Potensi Ekspor Pertanian dan Perkebunan di Sultra Sangat Besar

Suasana FGD di Kantor Bea Cukai Kendari. (Foto Istimewa)

Kendari, Inilahsultra.com – Kepala Balai Karantina Pertanian Kelas II A Kendari La Ode Muhammad Mastari menilai, banyak potensi komoditas pertanian yang dimiliki Provinsi Sulawesi Tenggara (Sultra) untuk diekspor keluar negeri.

“Komoditas pertanian dan perkebunan kita di Sultra yang sangat berpotensi untuk dieskpor mulai dari kopra, mete, kakao, jagung, dan cengkeh dengan volume yang cukup untuk diekspor,” kata La Ode Mastari saat menghadiri acara focus group discution Bea Cukai, Kamis 21 Maret 2019.

Namun, karena rendahnya pemahamam ekspor, minimnya sarana prasarana, budidaya yang tidak kontinu, dan masalah pembiayan, membuat para pengusaha di Sultra hanya memasarkan antar-pulau.

-Advertisement-

“Dengan banyaknya masalah dan keterbatasan, maka kita harus ada edukasi dan kerja sama semua instansi terkait termasuk lembaga pembiayaan untuk bersinergi mendorong ekspor komoditas potensial di Sultra,” ucapnya.

Balai Karantina Pertanian Kelas II Kendari, kata Mastari, punya komitmen untuk menggerakan ekspor ini.

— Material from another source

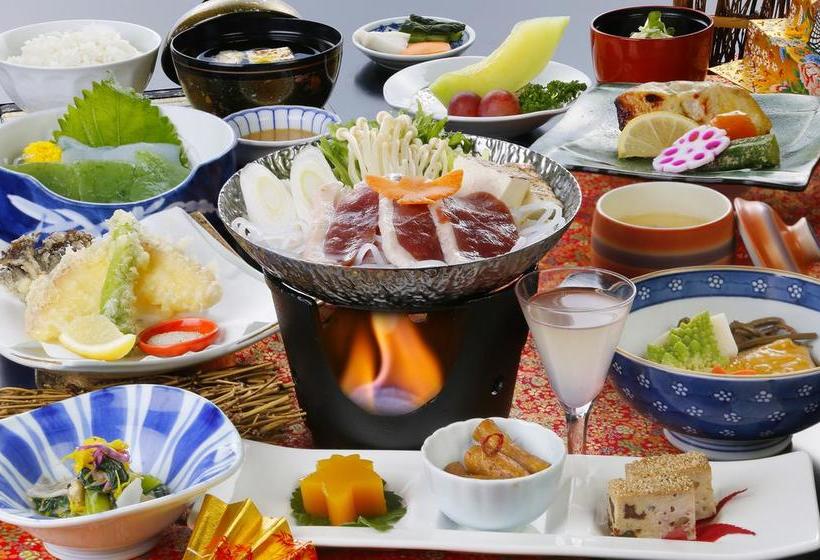 日式旅馆 Kanzansou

Baik itu di level pemerintahan, masyarakat petani, pengusaha hingga instansi terkait yang ada di pelabuhan dan bandara.

“Ayo kita bersama-sama untuk mendorong potensi pertanian dan perkebunan di Sultra. Bukan saatnya lagi ego sektoral yang kita munculkan, tapi kita harus sejalan dalam memacu pertumbuhan ekspor kita,” ucpanya.

Untuk itu, lanjut Mastari, Balai Karantina Pertanian Kelas II A Kendari akan melakukan perlindungan terhadap potensi pertanian di Sultra, serta melakukan akselerasi ekspor dan mengendalikan impor sehingga nilai perdagangan Sultra surplus.

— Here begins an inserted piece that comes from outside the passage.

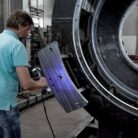 3D сканер Shining 3D FreeScan UE PRO — промышленный 3D-сканер, ракурс 5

“Harus dibutuhkan adanya reformasi birokrasi, dan mengimplementasikan program kerja Balai Karantina Pertanian kepada masyarakat petani. Ini yang harus kita lakukan dan kita dorong sekaligus meningkatkan potensi pertanian dan perkebunan agar produktivitas ekspor meningkat,” jelasnya.

Potensi-potensi yang ada ini, kata Mastri, harus dilindungi dari masuknya penyakit, baik dari hewan maupun tumbuhan.

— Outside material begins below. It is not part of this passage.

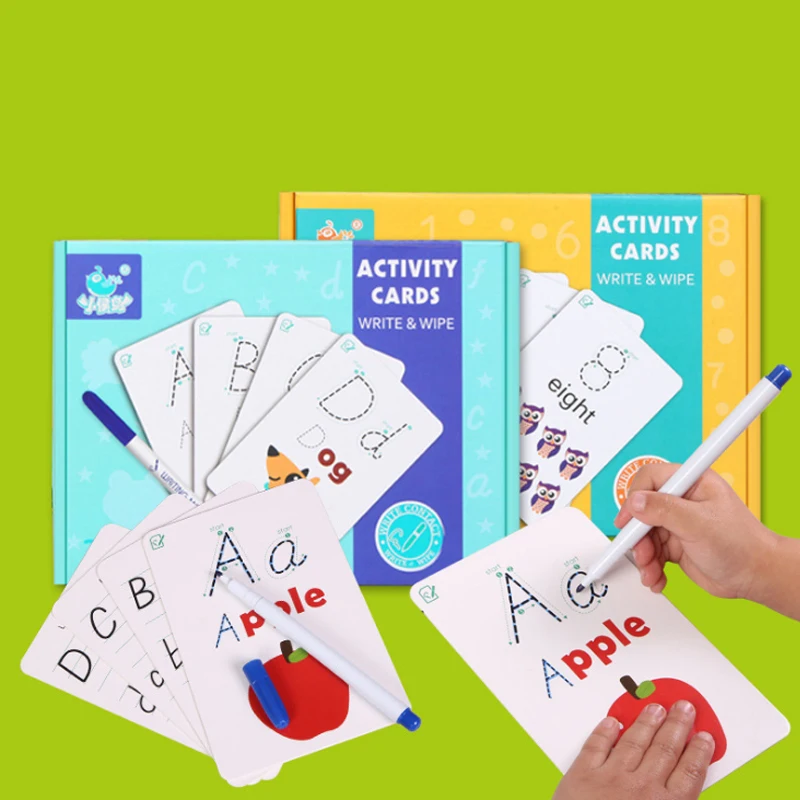 Детские развивающие игрушки перезаписываемые Раннее Обучение распознавание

“Kita juga harus melindungi daerah ini, agar kita punya tanaman, tumbuhan, dan hewan tidak punah agar nilai ekspor mendapat hasil yang baik,” tuturnya.

Kualitas produktifitas pertanian dan perkebunan menentukan masa depan ekonomi di Sultra.

“Kepada instansi terkait mari bersama-sama memberikan kemudahan dan pemahaman kepada petani untuk menggarap tanahnya dengan bebas agar mendapatkan hasil pertanian dan perkebunan dengan baik,” harapnya.